**Brief descriptive captions**
'''

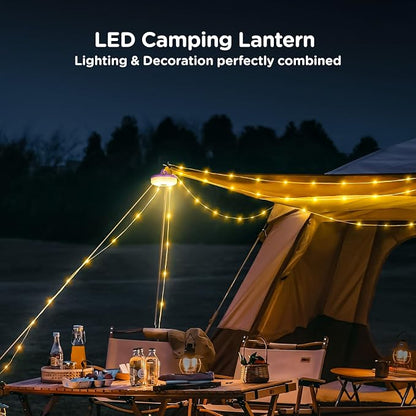 OGERY 2-Pack Camping String Lights 4 in 1, 32.8FT Quick Storage 8 Modes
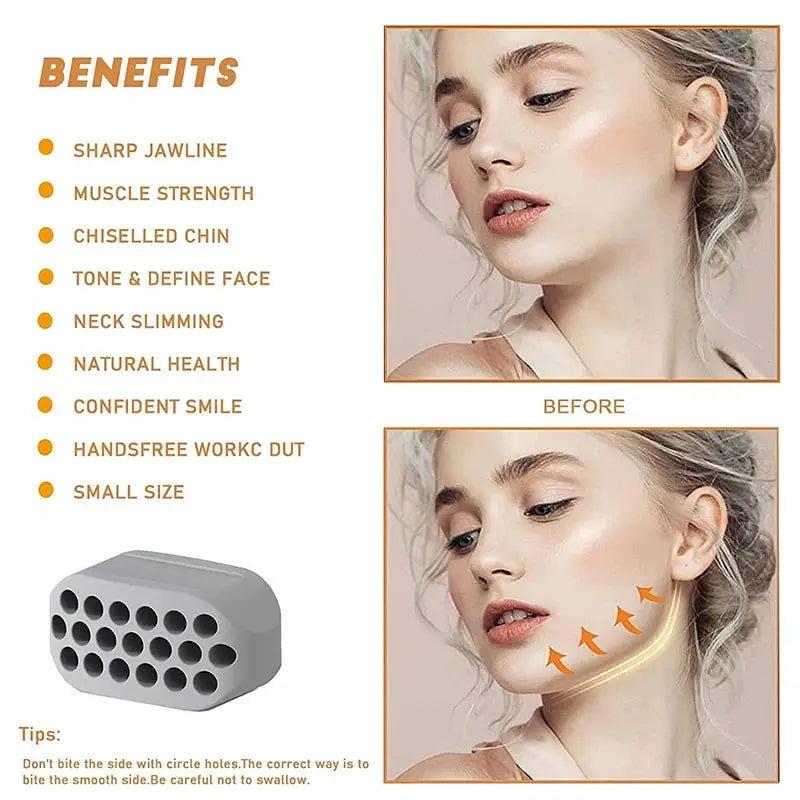 Silicone Jaw Exerciser Facial Toner For Jawline Fitness And Neck Toning Tool Double Chin Reducer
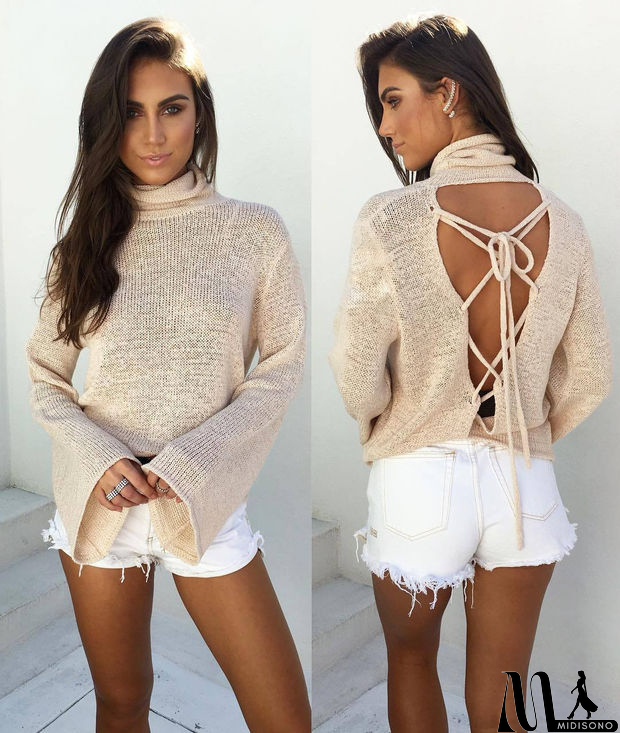 MidiSono - Long Sleeve Bat Winter Knit Tops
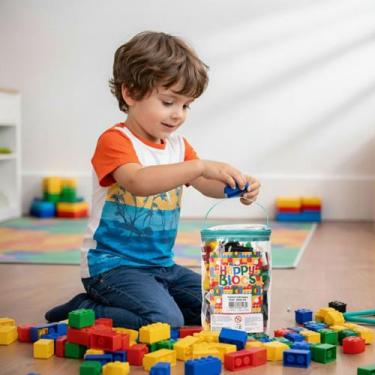 Imagem de Blocos de Montar Infantil Happy Blocs Bolsa com 140pçs Educativas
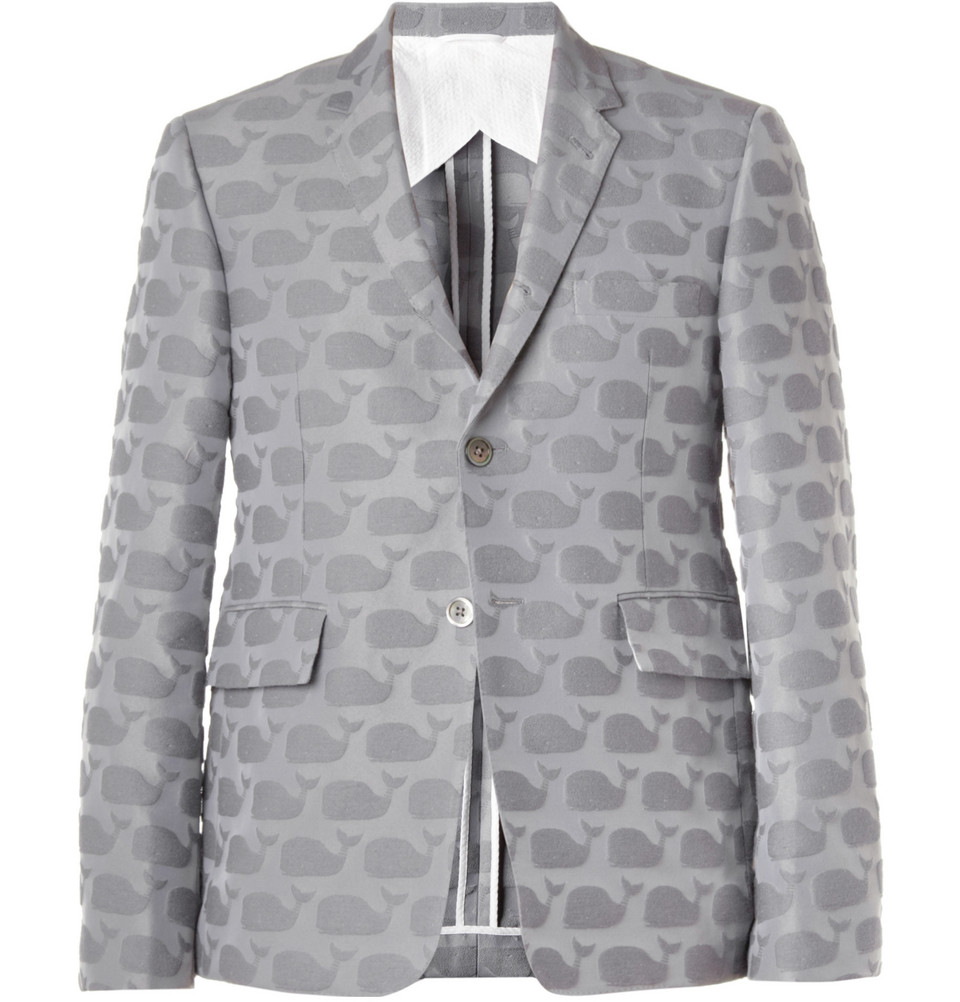 00O00 Menswear Blog Jonathan Ross in Thom Browne WHALE-PATTERNED COTTON-BLEND BLAZER - Jameson Empire Awards 2013 London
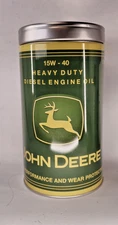 John Deere 1 Qt Oil Can Coin Bank 15W-40 Heavy Duty Diesel Tin Collectible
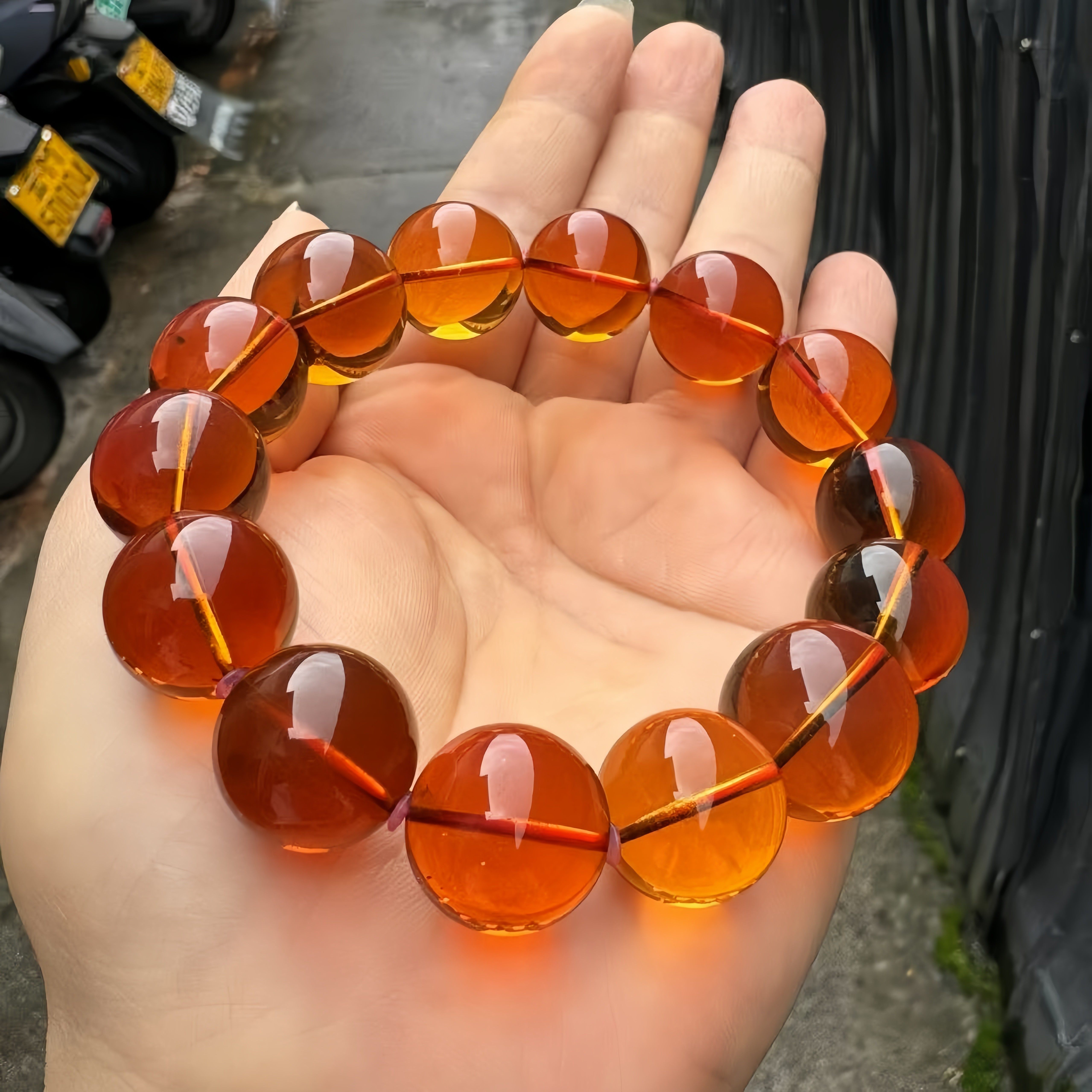 正品天然缅甸琥珀精品老矿牛血红茶15mm圆珠手串文玩收藏珠宝饰品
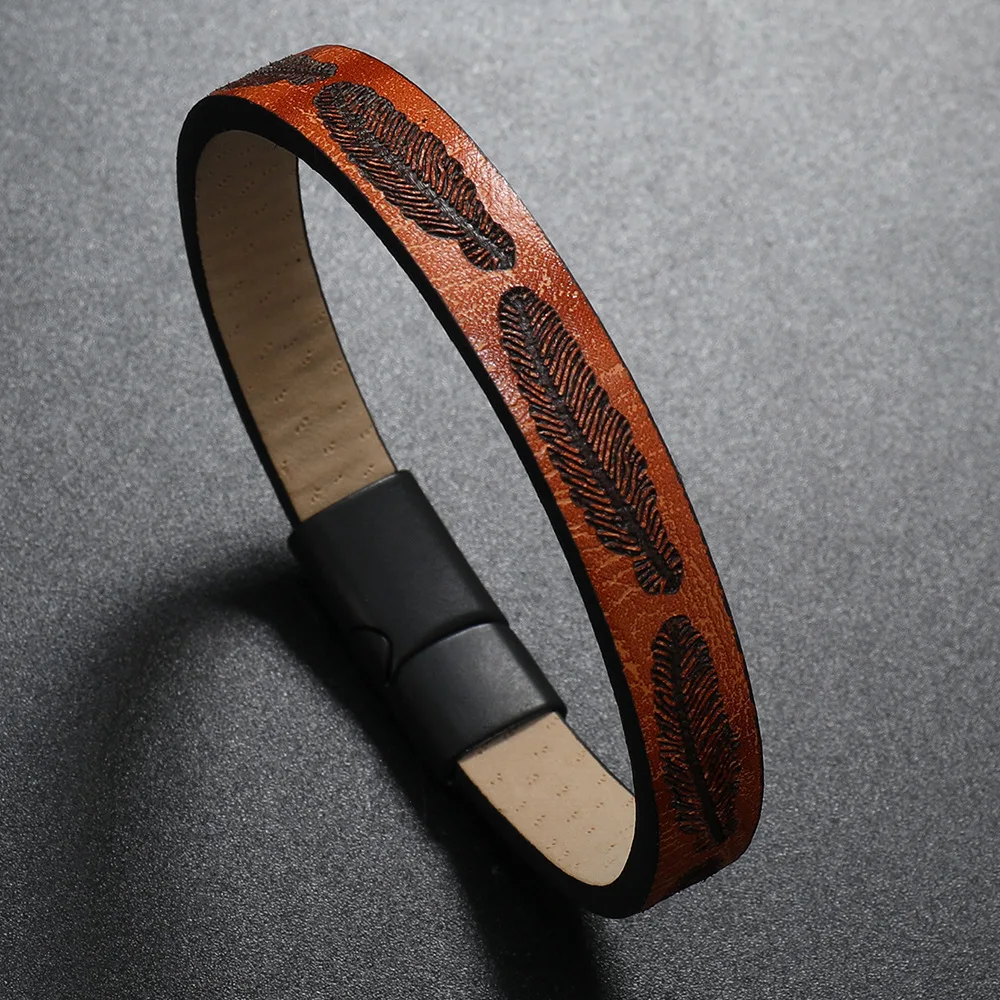 Men's Feather-Patterned Leather Bracelet
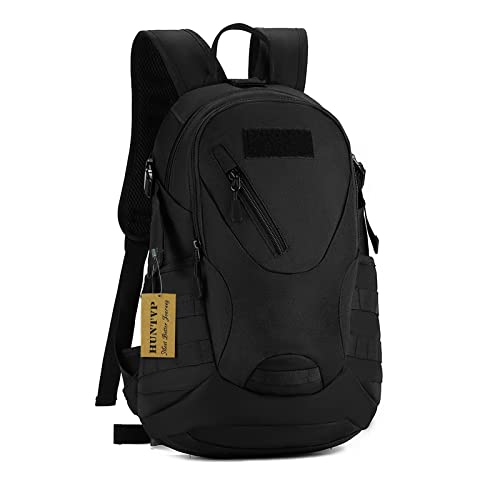 HUNTVP Military MOLLE Backpack Rucksack Gear Tactical Assbault Packbag 20L for Hunting Camping Trekking Travel Black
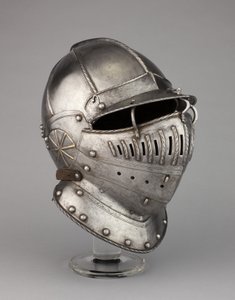 Burgonet mit fallendem Buffe, möglicherweise von einer Rüstung von William Herbert, 1. Earl of Pembroke, ca. 1550 von English School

'''

**The problem**
Each line above that falls between the line with "正品天然缅甸琥珀精品老矿牛血红茶15mm圆珠手串文玩收藏珠宝饰品" and the line with "HUNTVP Military MOLLE" should be printed exactly, together with those two lines, but the pictures should not.

**Output for this exercise**
 正品天然缅甸琥珀精品老矿牛血红茶15mm圆珠手串文玩收藏珠宝饰品
 Men's Feather-Patterned Leather Bracelet
 HUNTVP Military MOLLE Backpack Rucksack Gear Tactical Assbault Packbag 20L for Hunting Camping Trekking Travel Black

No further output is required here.